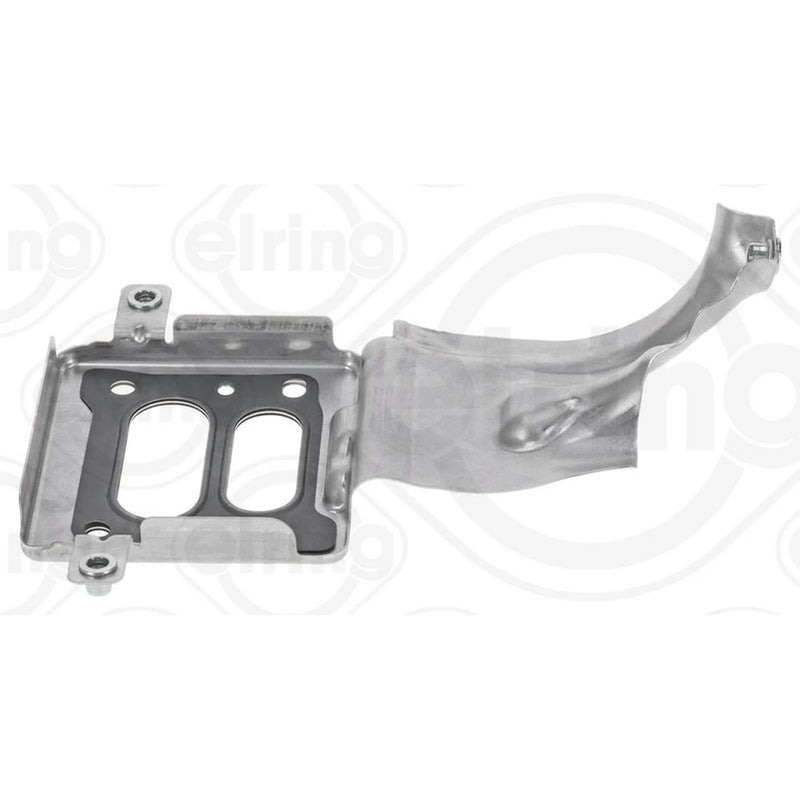 Elring Exhaust Manifold Gasket Wide Thick fits Jaguar E-Pace 2017-2018 2.0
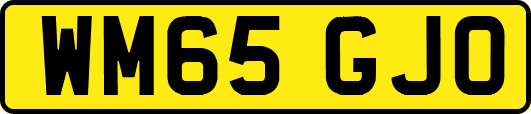 WM65GJO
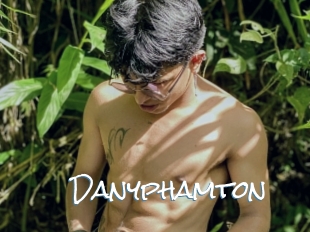 Danyphamton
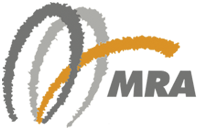 Логотип MRA.png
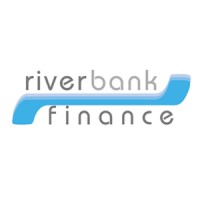 Riverbank Finance logo - Similar company to Advantage Lending Corp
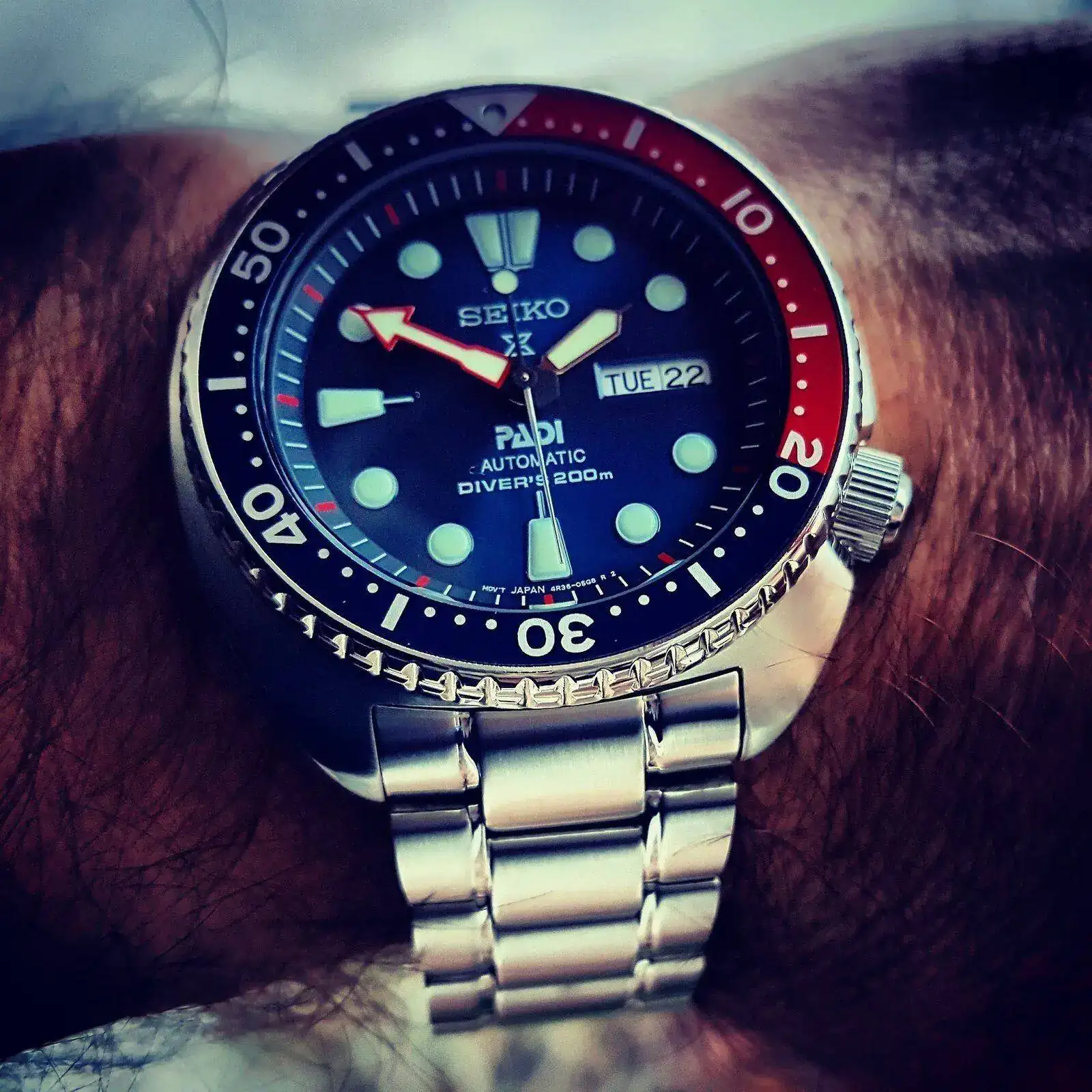 Seiko Prospex SRPA21 'Turtle' PADI Cal. 4R36 Auto 200M (2).jpg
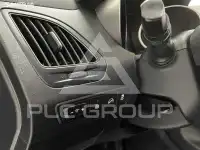 2015 Hyundai IX35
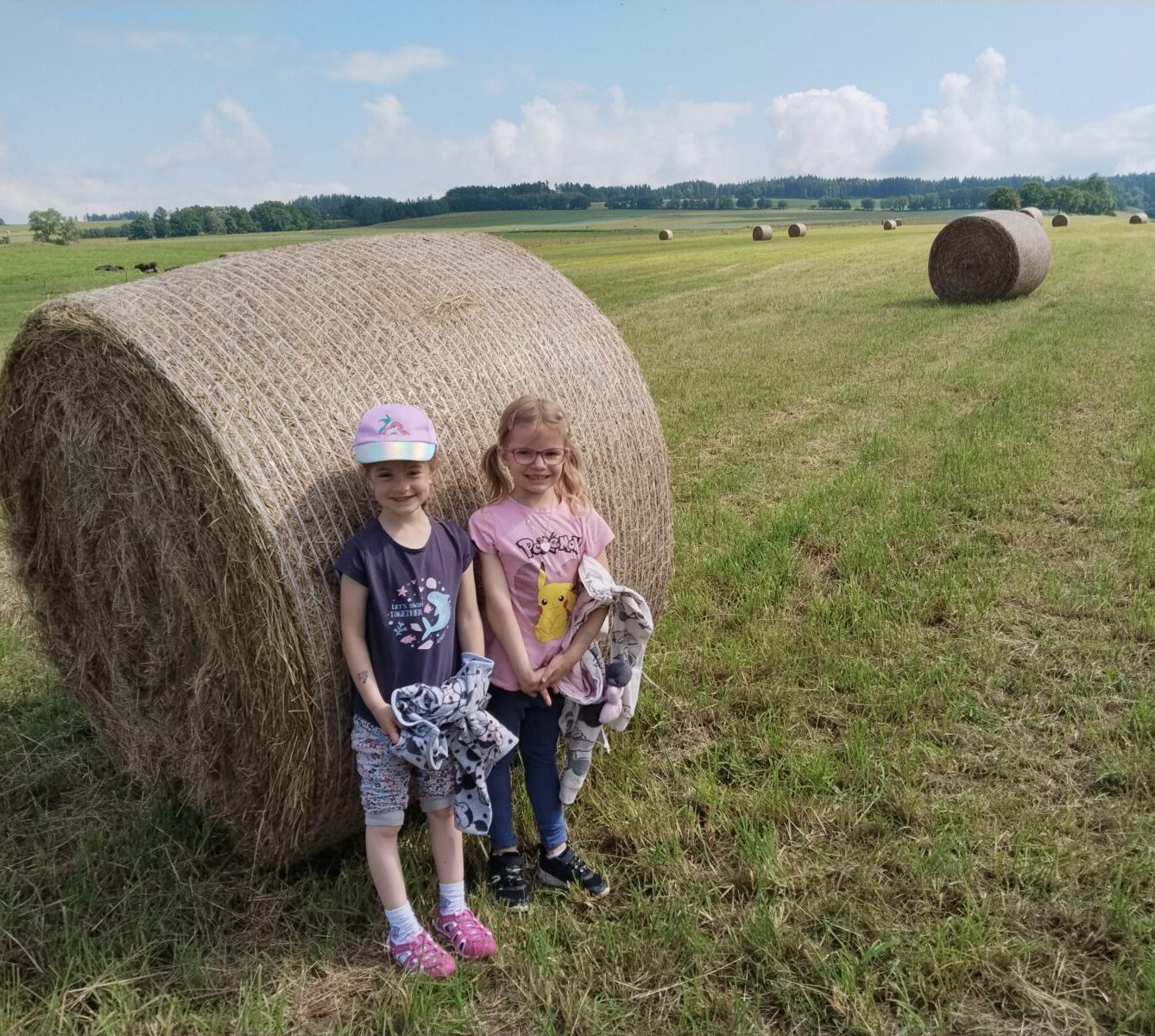 BROUČCI - ČÍM BUDU AŽ VYROSTU - 51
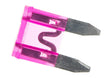 Jefftron Mini Sikring 35A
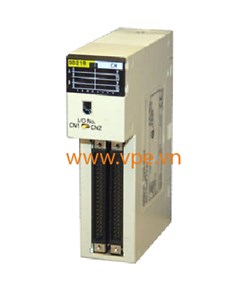 C200H-OD219 - Output Module C200H-OD219
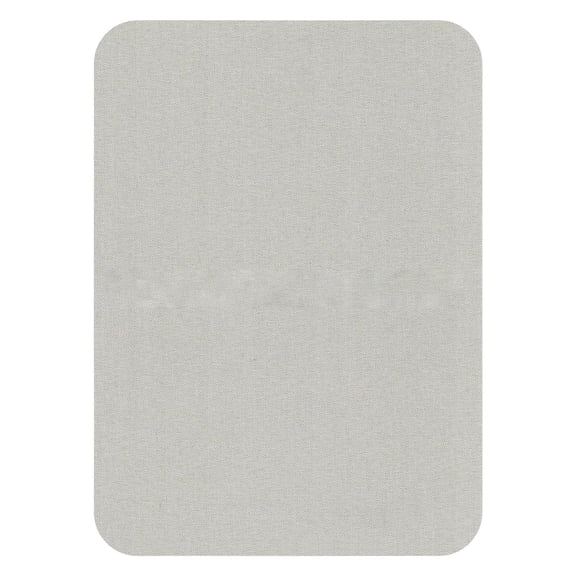 LYINGF Linen Repair Adhesive Fabric Patch - 8x11 inch Patch for Sofas, Couch, Furniture, and Car Seats, Self-Stick Repair Solution for Tears and Rips, Washable and Durable Material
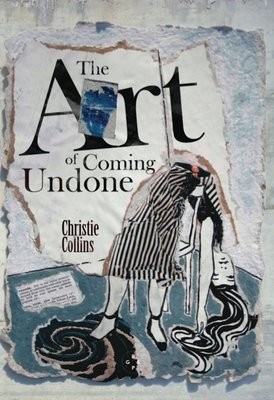 Art of Coming Undone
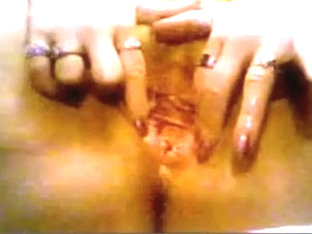 Terry Ann again on 14-1-2004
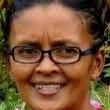 Photo de profil de Voahangy Razafinome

Problem statement: Give again, exactly, the lines from the start of the data through the one holding "2015 Hyundai IX35"; omit the pictures.

Expected answer:
 Elring Exhaust Manifold Gasket Wide Thick fits Jaguar E-Pace 2017-2018 2.0
 WM65GJO
 Danyphamton
 Логотип MRA.png
 Riverbank Finance logo - Similar company to Advantage Lending Corp
 Seiko Prospex SRPA21 'Turtle' PADI Cal. 4R36 Auto 200M (2).jpg
 2015 Hyundai IX35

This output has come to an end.